I don't mean to single out Churchill, of course. Much of the English ruling class liked fascism, and so did much of the American ruling class.  From David F. Schmitz's Thank God They're On Our Side: The United States and Right-Wing Dictatorships, 1921-1965 (University of North Carolina, 1999) :

American businessmen were no less enthusiastic about Mussolini and his government.  Thomas Lamont of J. P. Morgan remarked after his first meeting with Mussolini that the Italian dictator was “a very upstanding chap.”  He wrote later that Italy was “going to be a great country despite its very limited resources.”  Otto Kahn, of Kuhn, Loeb, praised the recent change of government in Italy at the 1925 meeting of the International Chamber of Commerce.  “Parliamentary wrangling and wasteful impotent bureaucracy” had been replaced by an “efficient and energetic … government,” which had united Italy in “a spirit of order, discipline, hard work, patriotic devotion and faith.”  Ralph Easley of the National Civic Federation wrote to Thomas Lamont after visiting Italy, “I think, were we in Italy, we would all be with Mussolini.”  And Judge Elbert Gary of United States Steel remarked while in Rome in 1923 that “we have here a wonderful renaissance of youthful energy and activity.  A masterhand has, indeed, strongly grasped the hand of the Italian state.”  Gary added that he felt “like turning to my American friends and asking them whether we, too, need a man like Mussolini” [40].

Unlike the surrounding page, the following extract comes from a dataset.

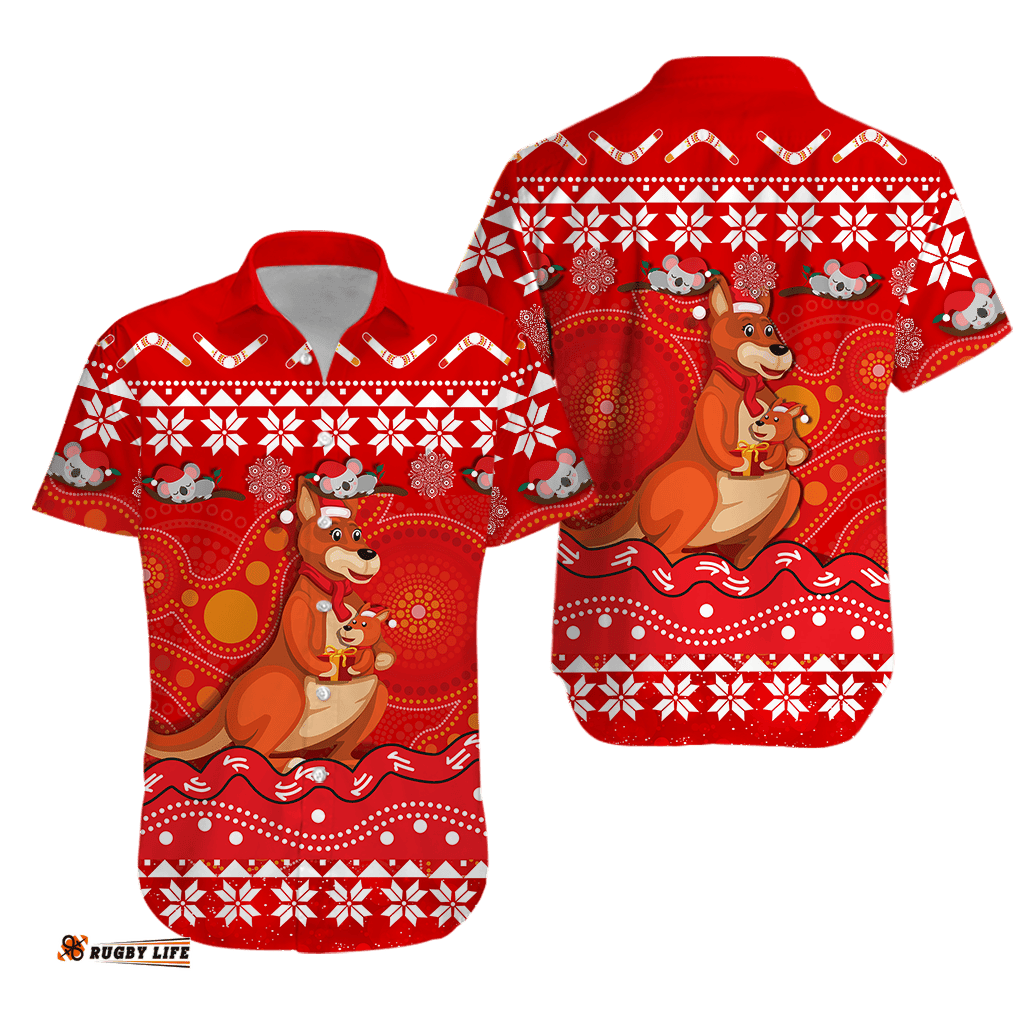 Australia Christmas Kangaroo Family Aboriginal Art Hawaiian Shirt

In this case, Mehdi Hasan was complaining because most respondents to a Wall Street Journal poll don't believe that the US economy is in good shape, that inflation has continued to rise, and the like.  I saw some criticisms of the poll's methodology, but I'm less concerned with that here than with an elite journalist's contempt for his audience and for democracy.

He followed up the first post with this one.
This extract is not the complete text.